_Problem to solve_
Restate the data below word for word. Leave the images out.

_Collected data_
-- Opening Marker --

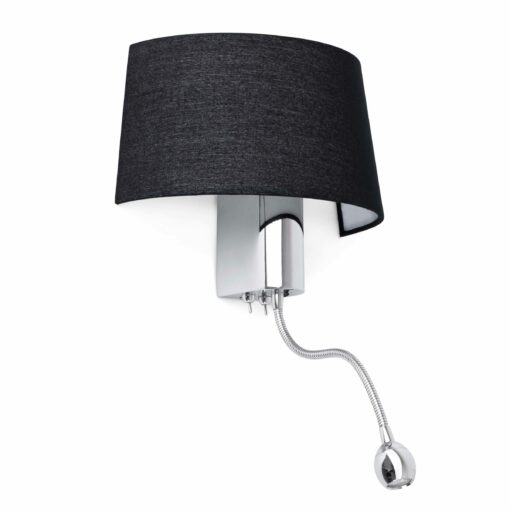 ΦΩΤΙΣΤΙΚΟ ΤΟΙΧΟΥ HOTEL ΜΕ ΑΝΑΓΝΩΣΤΗ LED 1 X E27 1W FARO – 29946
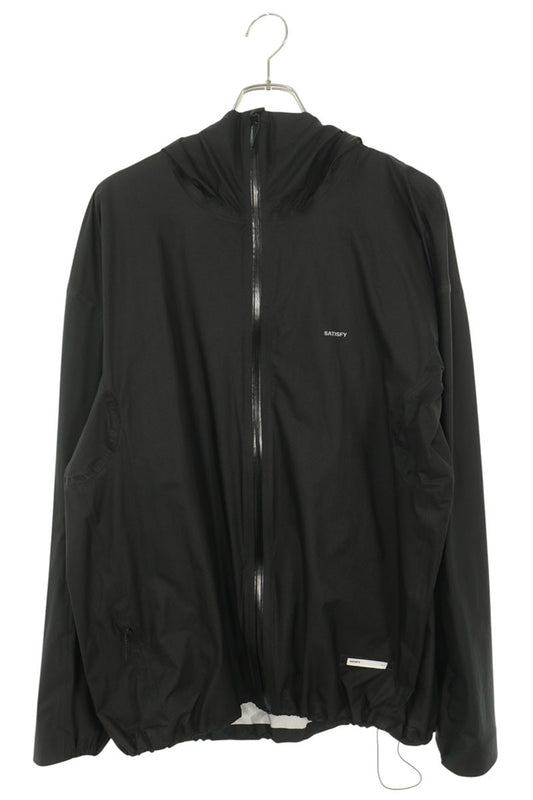 Satisfy Pertex 3L Fly Rain Nylon Jacket Black Size 4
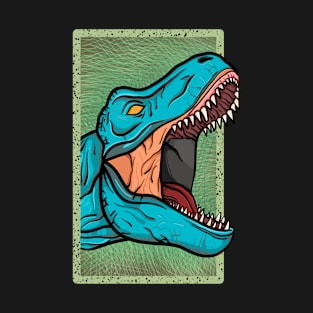 Cool Blue T-rex T-Shirt
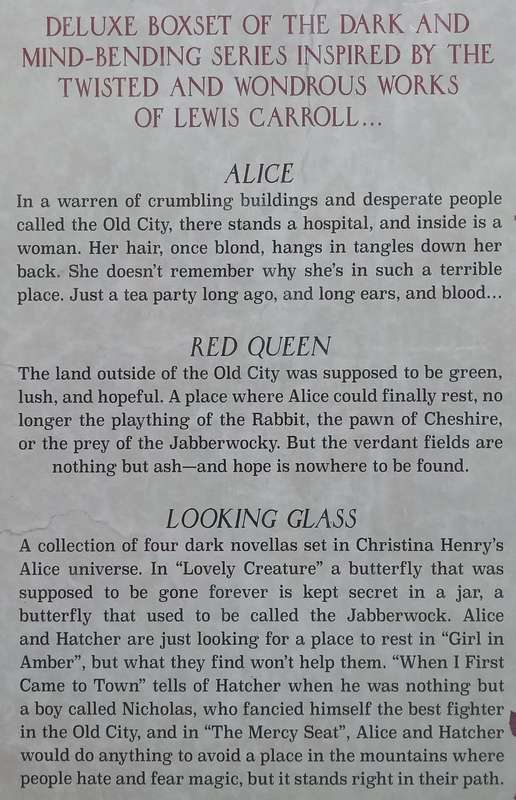 The Chronicle of Alice Trilogy (3 Book Set in Deluxe Slipcase) | Christina Henry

-- Closing Marker --

_Answer to this task_
 ΦΩΤΙΣΤΙΚΟ ΤΟΙΧΟΥ HOTEL ΜΕ ΑΝΑΓΝΩΣΤΗ LED 1 X E27 1W FARO – 29946
 Satisfy Pertex 3L Fly Rain Nylon Jacket Black Size 4
 Cool Blue T-rex T-Shirt
 The Chronicle of Alice Trilogy (3 Book Set in Deluxe Slipcase) | Christina Henry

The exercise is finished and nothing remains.